Industry reaffirms commitment to Zero Harm
The Minerals Council South Africa and senior representatives from member companies today attended the official announcement by Minister of Mineral Resources and Energy Gwede Mantashe of the 2019 industry health and safety performance statistics.
The Minerals Council acknowledges the shared journey travelled by industry tripartite partners – government, unions and employees, and companies – to improve health and safety in the mining industry. While recognising the significant strides made, the Minerals Council and the industry feel very deeply the passing of those colleagues who have lost their lives at work, and reaffirm the industry’s commitment to Zero Harm.
Reflecting on safety performance in 2019, the Minerals Council notes the significant reduction in multiple fatality events, which was a major concern in 2017 and 2018. Since 1993, the industry has experienced a more than 92% decline in the number of fatalities from 615 to 51 in 2019 with a year-on-year improvement of 37% compared to 2018.
The industry’s performance in the latter part of 2017 and the first half of 2018 was indeed a challenging period, when the industry experienced an increase in fatalities for the first time in a decade. This was unacceptable to the industry, prompting the Minerals Council Board, through the CEO Zero Harm Forum, to initiate a number of measures to holistically address health and safety.
The forum closely scrutinised the major causes of accidents, prioritised the sharing of good practice, and endorsed additional research, some of it in collaboration with the Mine Health and Safety Council (MHSC).
In January 2019, the CEO Zero Harm Forum held a seminal event (known as CEO Heartfelt Conversations) which facilitated meaningful engagement amongst mining CEOs, and more senior industry representatives, on health and safety-related issues.

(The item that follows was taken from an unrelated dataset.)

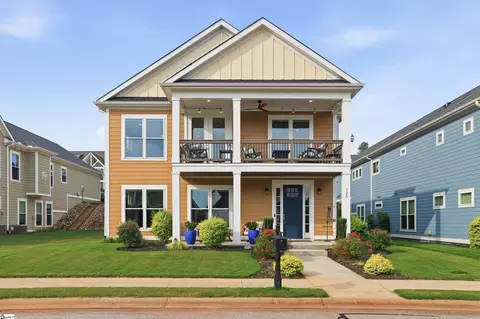 528 Coolwater Dr, Taylors, SC 29687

These Heartfelt Conversations examined a number of crucial concerns, particularly in respect of visible leadership.
A direct outcome of the event was the establishment of a CEO-led strategy on health and safety, namely, Khumbul’ekhaya, which means “remember home”. This strategy has placed at the forefront the elimination of fatalities as a priority, and to ensure that health and safety are addressed equally, while people are at work and beyond.
The industry-wide Health and Safety Days hosted by Minerals Council members across the mining industry continued in 2018 and 2019 contributed to greater visibility of health and safety among all stakeholders, and a greater sense of collective responsibility. The Minerals Council believes that by ensuring that health and safety are at the forefront of all activities, these initiatives have contributed towards the improvement the industry experienced during the latter part of 2018 and in 2019.
Reflecting further on the performance statistics published today, the Minerals Council notes that the reduction of the number of injuries must be a key focus area for all industry stakeholders. A further critical concern is the increase in the number of fatalities and injuries among female miners, which must receive the collective attention of all tripartite partners in developing initiatives to protect women in mining.
The Minerals Council also welcomed the significant improvements in disease incidence rates. There is a lag in the reporting of health-related performance, and so the statistics presented are for 2018. In the decade to 2018, the key disease rates for the mining sector - which include silicosis, TB and noise-induced hearing loss - improved by 74%, 63% and 56% respectively.
These improvements, too, can be attributed to the collaborative and collective efforts of individual companies, Minerals Council programmes, the efforts of unions, government and tripartite initiatives led by the MHSC.
The improvement in counselling for HIV to 83% and screening for TB to 90%, better than the national average, are encouraging. The Minerals Council remain committed to reach industry targets and achieving this goal will be greatly assisted by the Masoyise Health Programme, which is a multi-stakeholder initiative aimed at reducing TB, HIV, occupational lung diseases and non-communicable diseases.
Roger Baxter, CEO of the Minerals Council notes: “The path to Zero Harm was never going to be an easy or simple one. And we have experienced setbacks. While the industry’s safety and health performance during 2019 is a significant progress on what we have been able to achieve in the past, we recognise that our journey is far from over.
“We remain committed to continuing to work with our social partners on all matters of health and safety. We – and I speak for every mining company CEO – remain resolute in our determination to work collaboratively to achieve our goal of Zero Harm.”